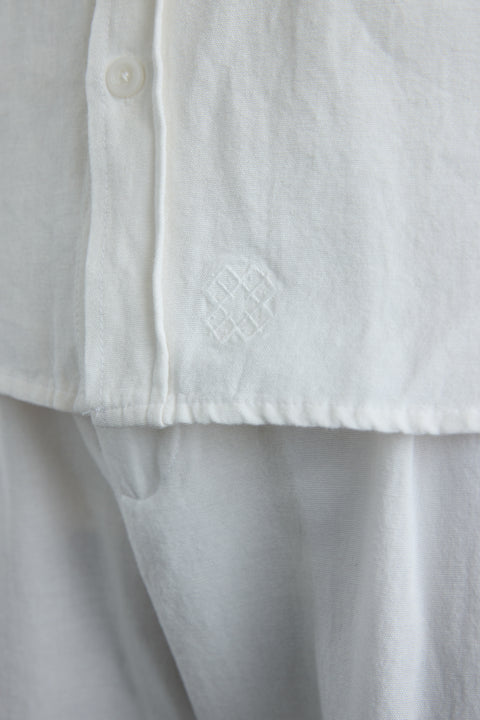 WHITE LINEN SHIRT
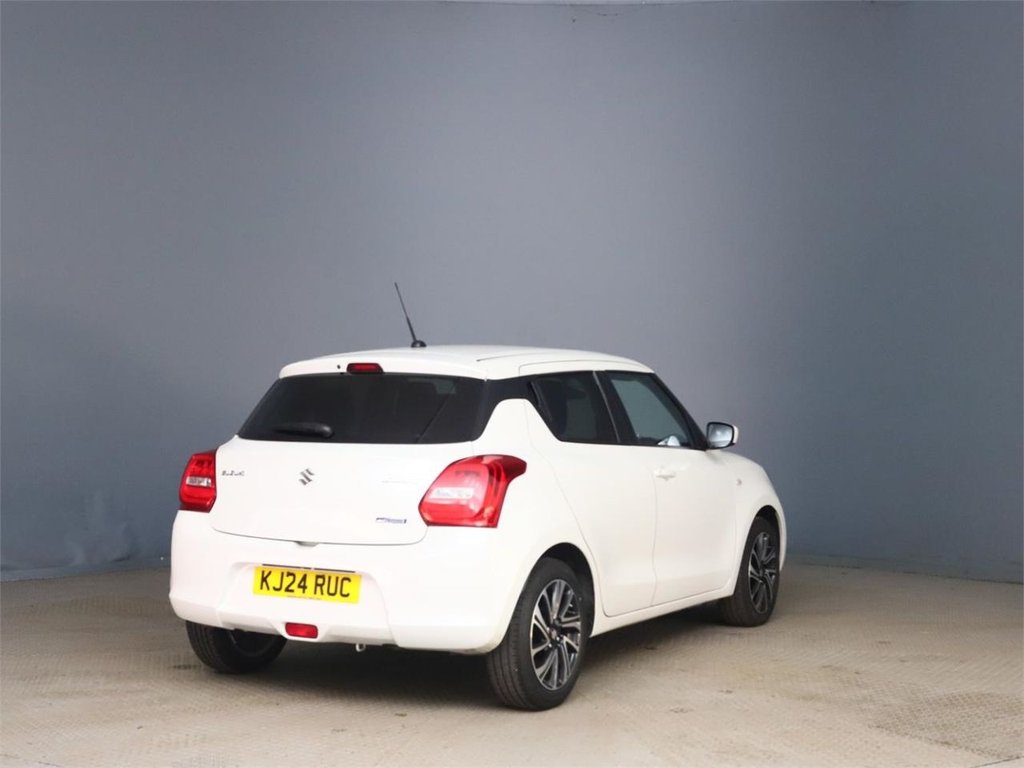 Used Suzuki Swift 2024 for sale - 76038691: Photo 2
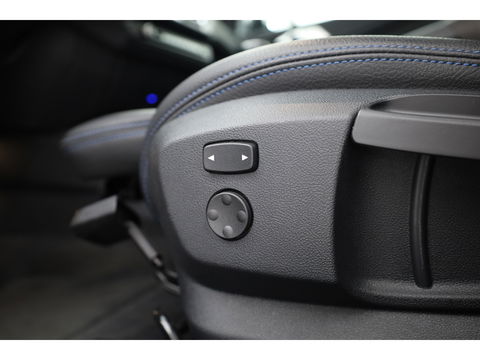 BMW 2 Serie Gran Coupé 218i M Sport | HUD | 18'' | Stoelverw. | Apple CarPlay | Navi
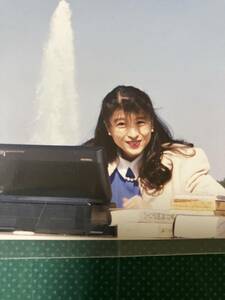 【レア】河合奈保子　写真(当時物) コート　噴水　パールのネックレス　80年代アイドル 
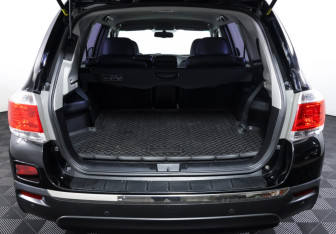 Подержанный автомобиль Toyota Highlander 2012 года (9 фото)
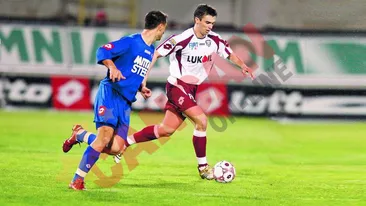 Acuzat ca ia prime duble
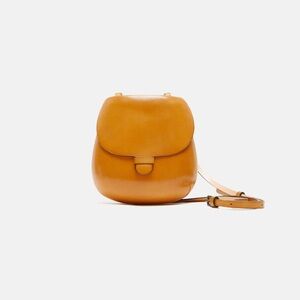 LEMAITRE CARTRIDGE YELLOW BAG $970 cow leather
Made in Italy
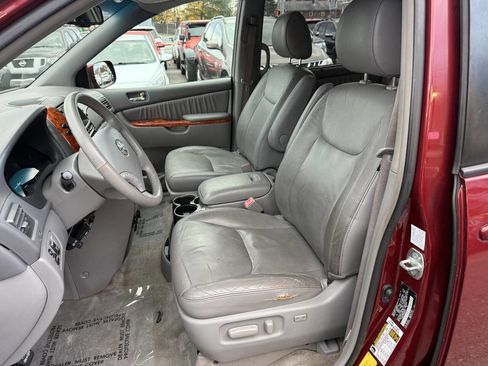 Used 2009 Toyota Sienna image 7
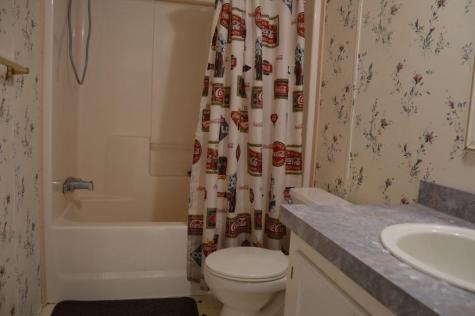 21 Stonewall Drive Livermore ME 04253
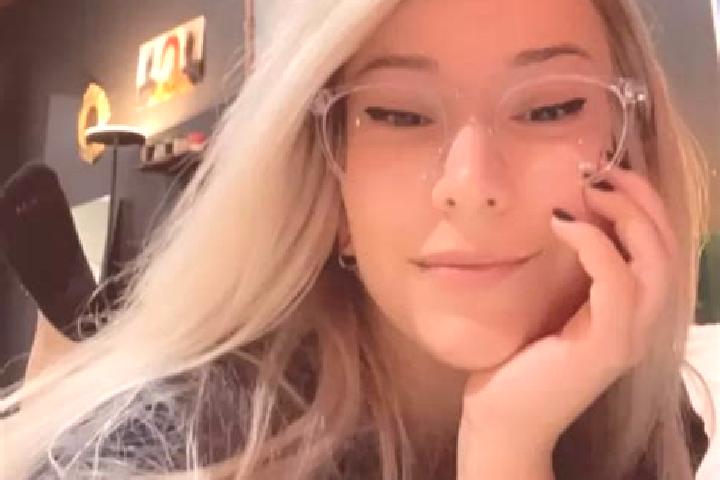 Aubrey, 34, a blonde grey-eyed indian companion based in San Francisco del Oro. Offering Travel Companion, A-Level, Tantra, Overnight. Available for incall a...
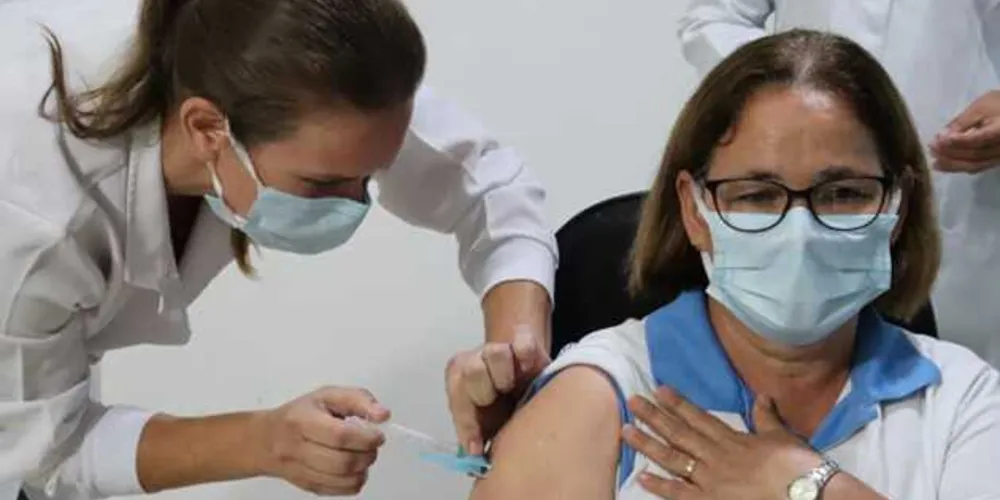 Imunização simbólica ocorreu nesta terça-feira (19)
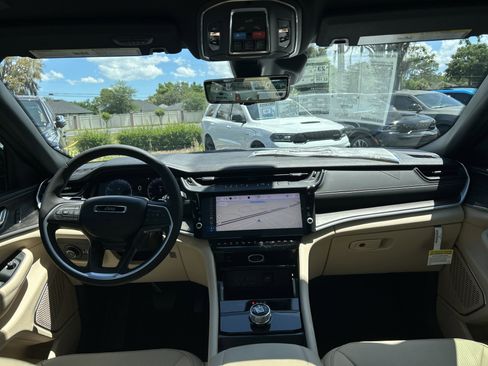 New 2026 Jeep Grand Cherokee L Limited w/ Luxury Tech Group II RWD image 39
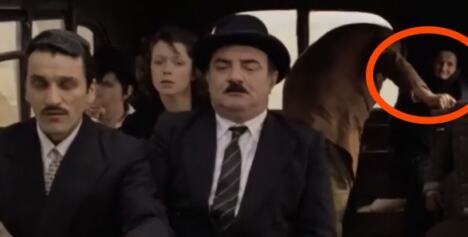 Scena iz filma Ko to tamo peva sa putnicima u autobusu i bakom.jpg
━━━━━━━━━━
→ **DIRECTIONS**
Above are some entries; copy exactly the lines from the line with "Used 2009 Toyota Sienna image 7" through the line with "Imunização simbólica ocorreu", both included, but none of the pictures.

→ **RESPONSE**
 Used 2009 Toyota Sienna image 7
 21 Stonewall Drive Livermore ME 04253
 Aubrey, 34, a blonde grey-eyed indian companion based in San Francisco del Oro. Offering Travel Companion, A-Level, Tantra, Overnight. Available for incall a...
 Imunização simbólica ocorreu nesta terça-feira (19)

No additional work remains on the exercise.